第071章 雙面騙局
劉楓一再挽留,杜寒玉和楊勝飛盛情難,只得在帥府蹭了頓飯,兩人有幸品嚐了明月的手藝,讚不絕口。
酒足飯飽,小情侶踏著落落餘暉心滿意足地漫步而回,硃紅的晚霞映照著兩人,直暖到心窩裡。
說來也怪,先前兩人相識日淺,說過的話兒數不出一隻手來,卻能不計生死彼此相護。
帥府事發後,杜寒玉跟個小媳婦兒似的,衣不解帶,小意伺候著,讓楊勝飛十足過了一把大老爺們的癮,心中只恨當初打得太輕,如今好得太快!短短十日,兩人已是如膠似漆,難捨難分。

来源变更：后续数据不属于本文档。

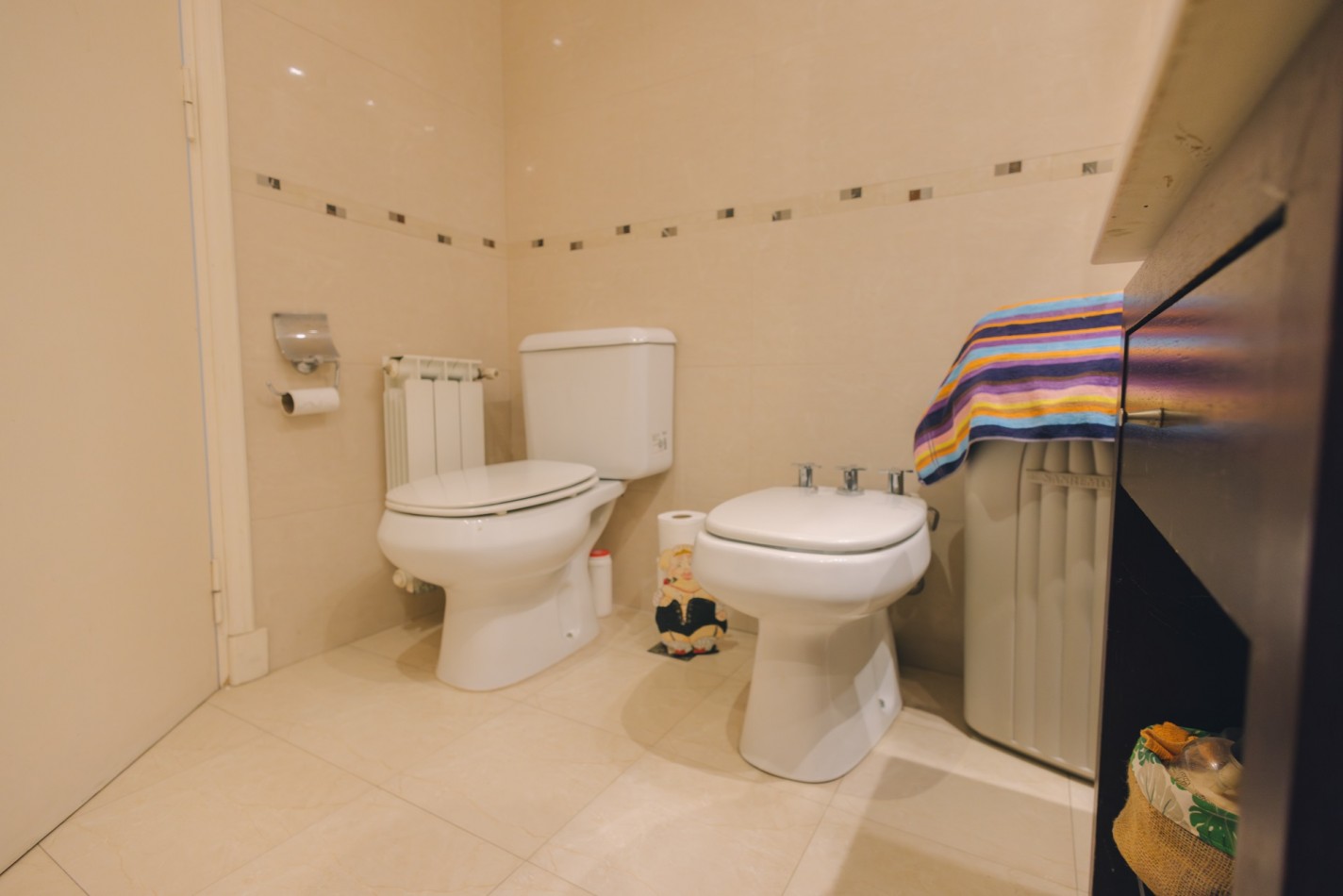CASA CON DOBLE ACCESO Y SECTOR PROFESIONAL INDEPENDIENTE EN STELLA MARIS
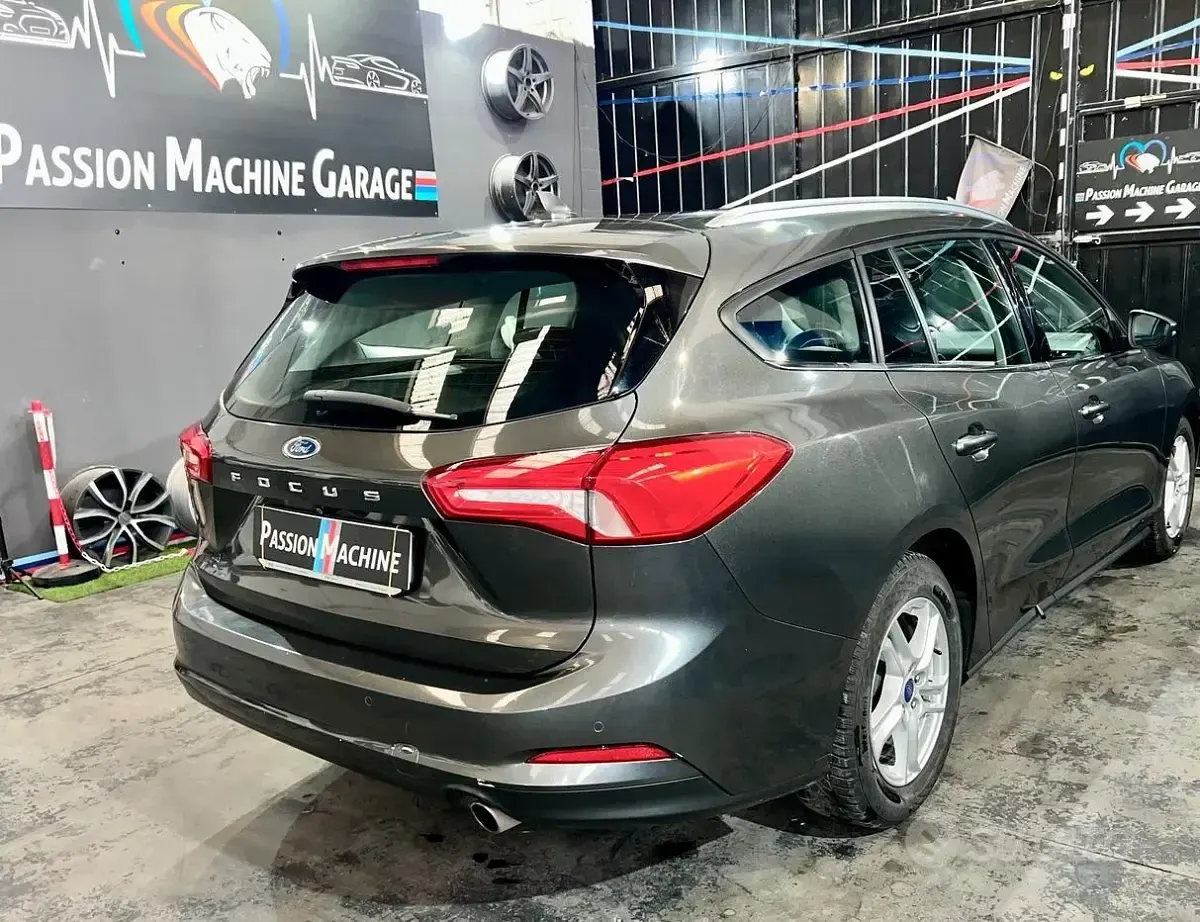 Usata Ford Focus Business Edition 120 CV (88 kW) 2020 Grigio Station wagon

可惜楊勝飛畢竟不是劉楓,私底下摟摟抱抱自然少不了,可這大庭廣眾的,哪敢拉著姑娘的手滿山崗的跑,此刻,兩人雖是並排而行,卻也離著兩尺遠,循規蹈矩跟道學先生似的,惹得杜寒玉一顆芳心好不埋怨。
走到半道,忽見一人狂奔而來,口中大呼小叫:“大小姐!不好啦!”
兩人一驚,定睛看時,卻是杜寒玉的護衛越小刀。今日兩人演對手戲,既沒危險更不想他礙眼,因此不曾帶在身邊。況且自從兩天前楊勝飛將養好了,兩人便形影不離,有他這個大高手充當情人保鏢,越小刀已經遊離在下崗邊緣。
如今見他神色慌張,三步並作兩步,急急忙忙,滿頭大汗,兩人不由心頭一緊,彼此對視一眼,極為默契的同時加速迎上前去。
“小刀,何事慌張?”
越小刀一口氣衝上山崗,此刻上氣不接下氣,喘著道:“狼…狼哥…要…要殺虎頭!”
“什麼!?”兩人相顧大驚。
這李虎頭也是一員小頭目,平日裡最是忠心不過,這到底是出了什麼事?竟要喊打喊殺麼?
當下不及細問,兩人拔腿飛奔而去,只留了越小刀定在這兒,雙手撐著膝蓋牛喘不已。
………
兩人衝進院子,並沒有想象中一人跪地,大刀下落的驚險畫面,黑狼和李虎頭等幾個頭目都好端端地坐在石屋裡。
“狼叔!到底怎麼回事?”杜寒玉焦急發問,連額頭的汗珠都顧不得抹去。
黑狼不答,獨眼瞄了瞄楊勝飛,冷淡地道:“咱們兄弟有話要向大小姐交代,楊兄弟請回避一下……”
楊勝飛一肚子的不高興,自被劉楓打發到這兒,別的弟兄都對他這個未來的新姑爺客客氣氣的,唯獨黑狼不知道為什麼,總是針對他,看他時眸中帶刺,一開口便話裡夾棒,有事沒事地擠兌他,這次又是如此!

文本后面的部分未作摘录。